For a medieval manuscript like the St Chad Gospels, exacting information is necessary to notice and document changes brought about by aging--thus, requiring photography. Inks, pigments, and vellum tend to deteriorate slowly and subtly, making the rate of decline near impossible to gauge. Without notice, small chips of pigment can break free, and when noticed, the prior condition of the pigment is near impossible to recall, especially in areas that include flaking and chipping.

The St Chad Gospels is fortunate to have had various photographic efforts throughout the years, even if these efforts occurred sporadically and a number of them involved only selected pages. The value of these photographic efforts increases when their images are gathered and presented in a manner to provide scholars and conservators a means to compare images of the same page across time, comparisons that reveal significant information about a manuscript's aging.

I have collected images from eight such efforts for the St Chad Gospels:
1878 - photographs taken for F. H. A. Scrivener's Codex S. Ceaddea Latinus
1911 - photographs taken under unknown circumstances
1929 - Photostat images taken by the National Library of Wales, Aberystwyth
1956 - slides likely taken by Brother Frowin Oslender, Bildarchive der Abtei Maria Laach
1962 - photographs taken by the Courtauld Institute
1982 - photographs taken by Sonia Halliday
2003 - photographs taken by the British Library, in a collaboration with Lichfield Cathedral and Llandeilo Fawr
2010 - my efforts, in collaboration with Lichfield Cathedral

Aligned (registered) and overlaid historical images provides a view of the aging of the St Chad Gospels over the last one hundred twenty-five years.

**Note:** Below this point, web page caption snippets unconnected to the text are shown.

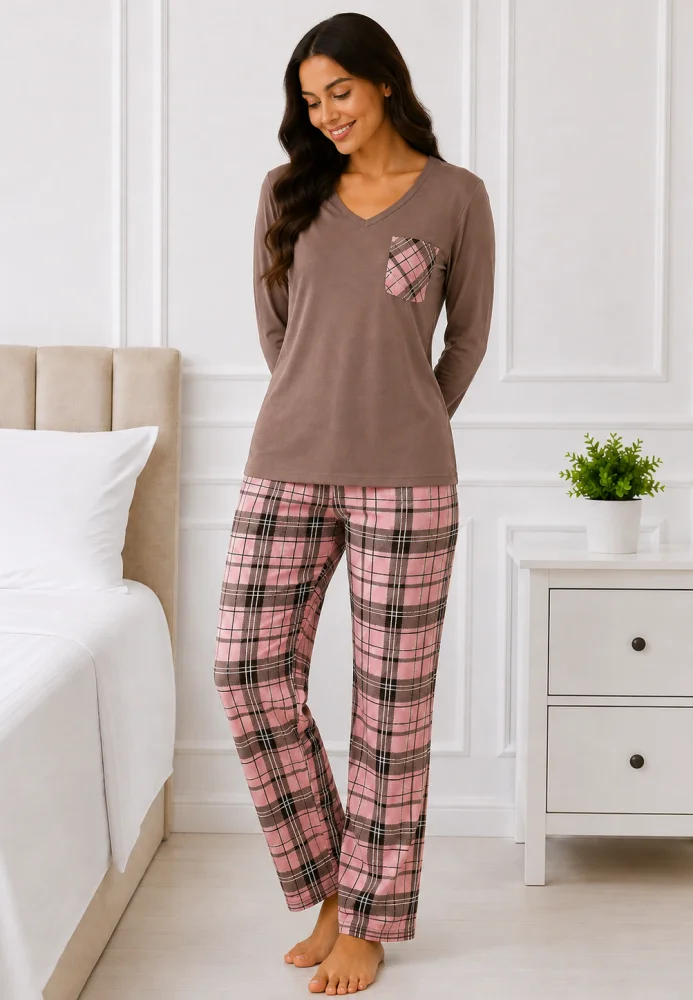 Pijama damă cu bluză,mânecă lungă și pantaloni în carouri
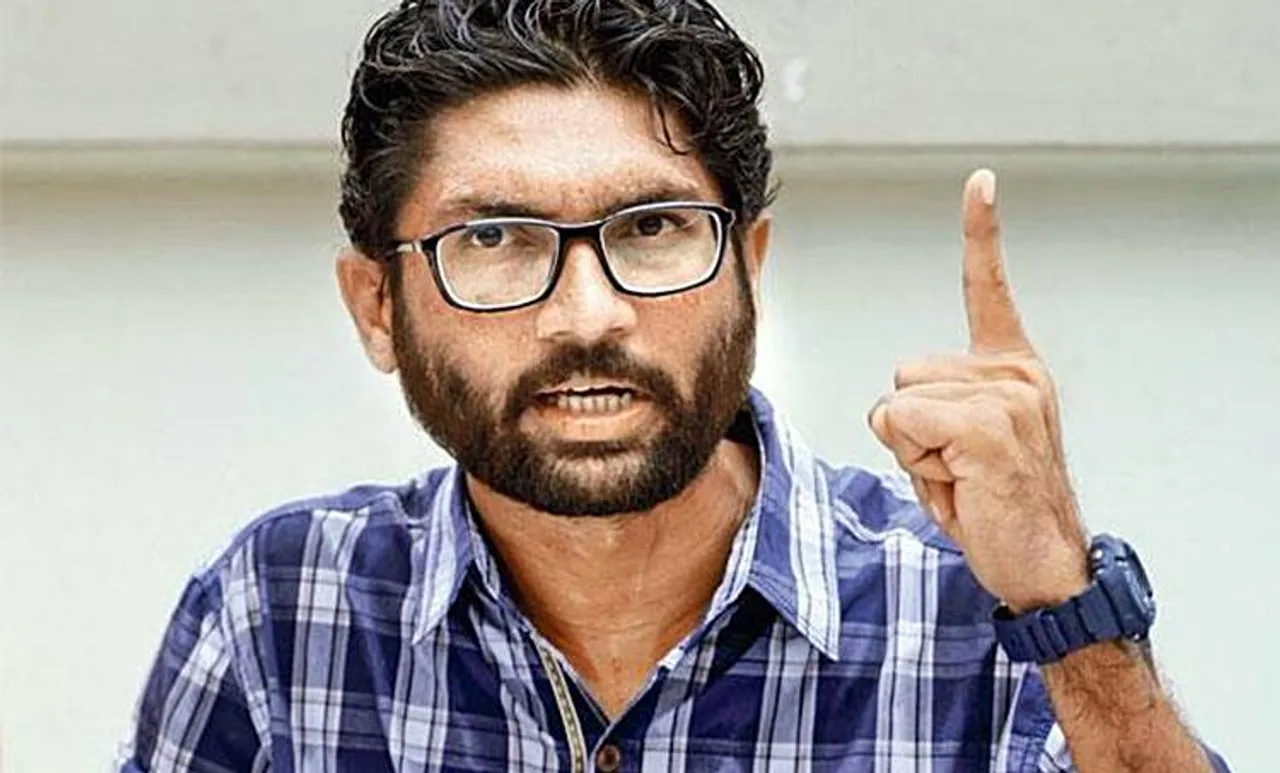'ഗാന്ധിയും അംബേദ്‌കറും പട്ടേലും ഉണ്ടായിരുന്നുവെങ്കില്‍ അവര്‍ക്ക് വേണ്ടി അഭിഭാഷക കുപ്പായമിട്ടേനെ'; ജിഗ്നേഷ് മെവാനി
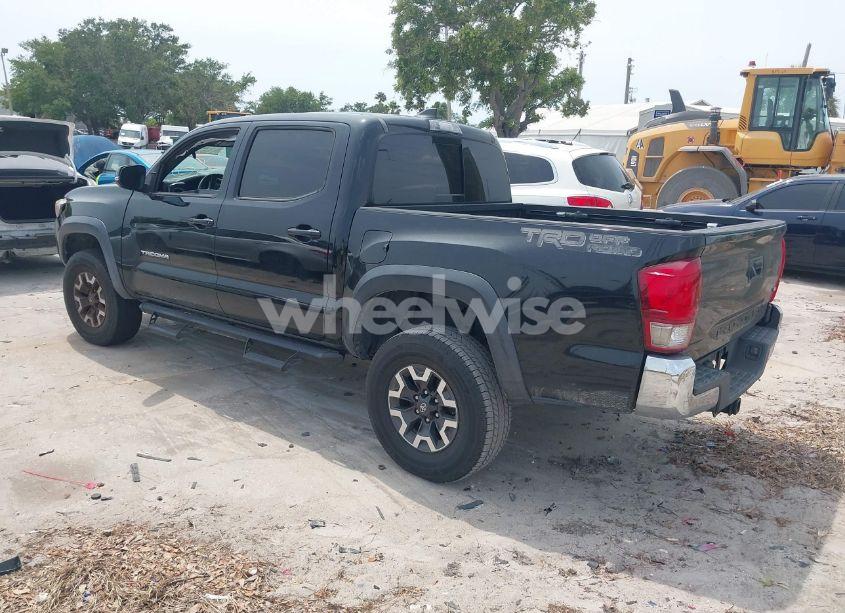 Photo 3 of 2017 Toyota Tacoma TRD OFF ROAD (VIN 5TFAZ5CN0HX034456)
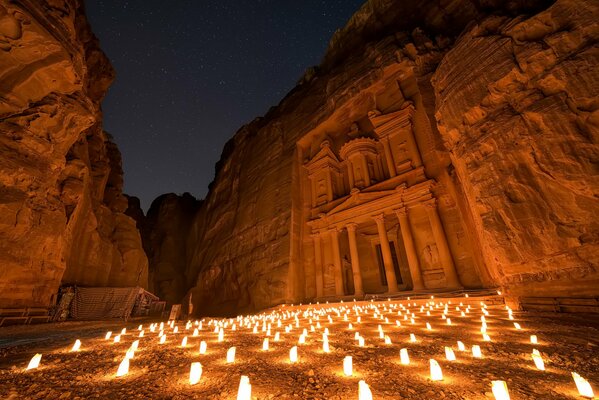 El antiguo templo de la ciudad de Pedro en Jordania, iluminado por las luces de las velas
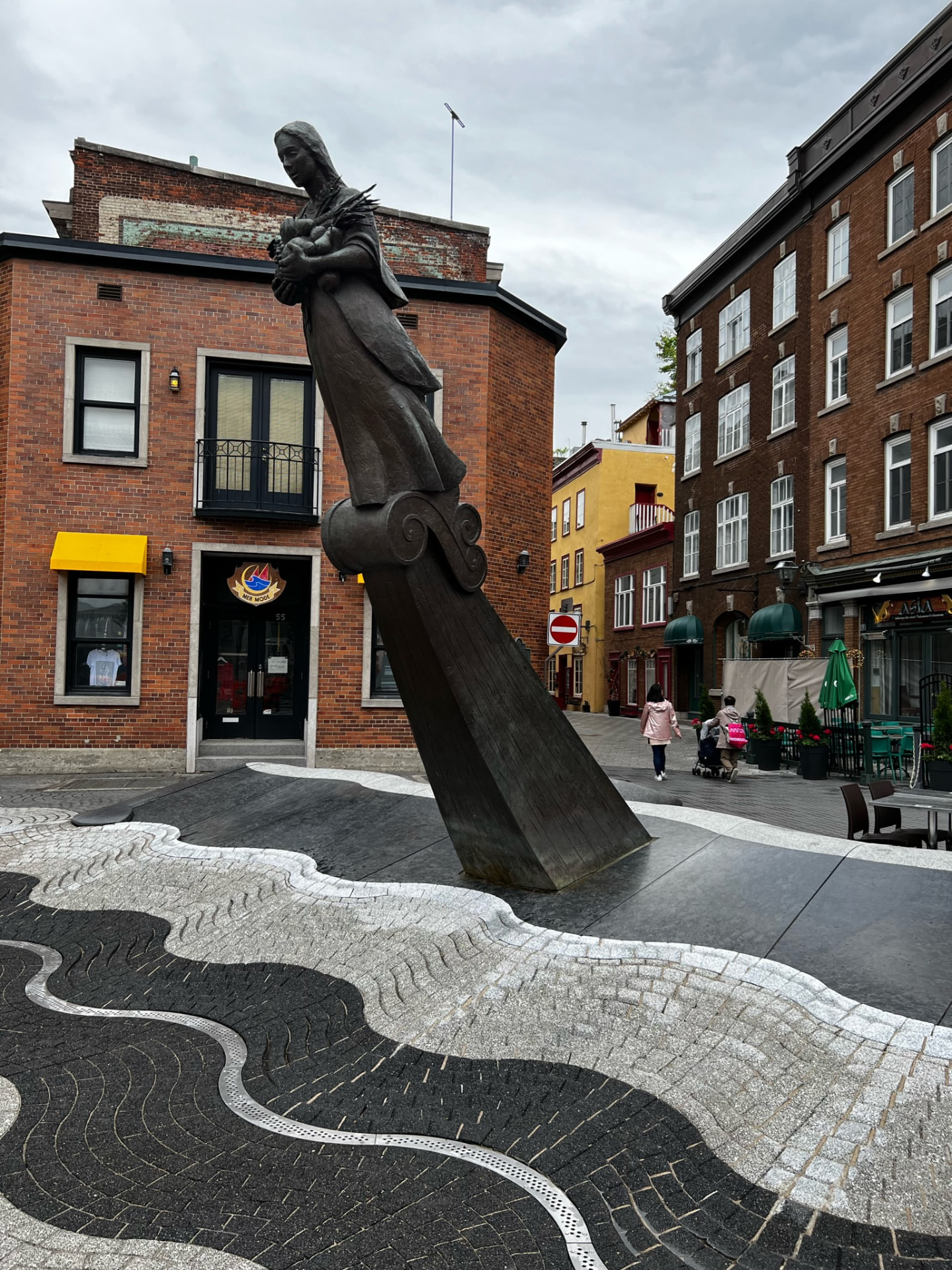 Sculpture in a cobbled square in Québec City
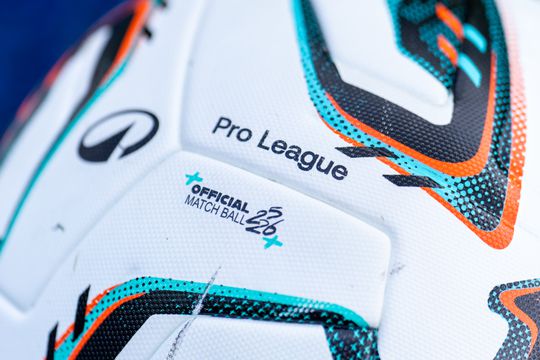 Topscheidsrechter uit Belgische competitie krijgt forse straf na bizarre fout buiten het veld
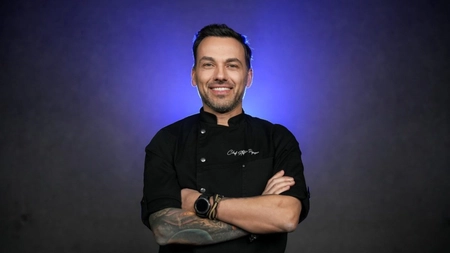 Cine este chef Ștefan Popescu. De la pompier la chef de succes și jurat la „Chefi la cuțite”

Comparing these images shows that the manuscript has loss less pigments since Roger Powell flattened the pages in 1962. However, a few areas continue to have smaller chips of pigments break free. A telling example is the Portrait of Luke, page 218. Comparing various historical images allows a conservator or scholar to witness changes and gauge vulnerabilities. On the right-hand side, the animated GIF, a section of Luke's robe, shows chips of pigment breaking free. The largest chip was lost between 1929 and 1956, with the second largest chip lost between 1962 and 1982. The smaller of the two measures roughly .38 millimeters in width.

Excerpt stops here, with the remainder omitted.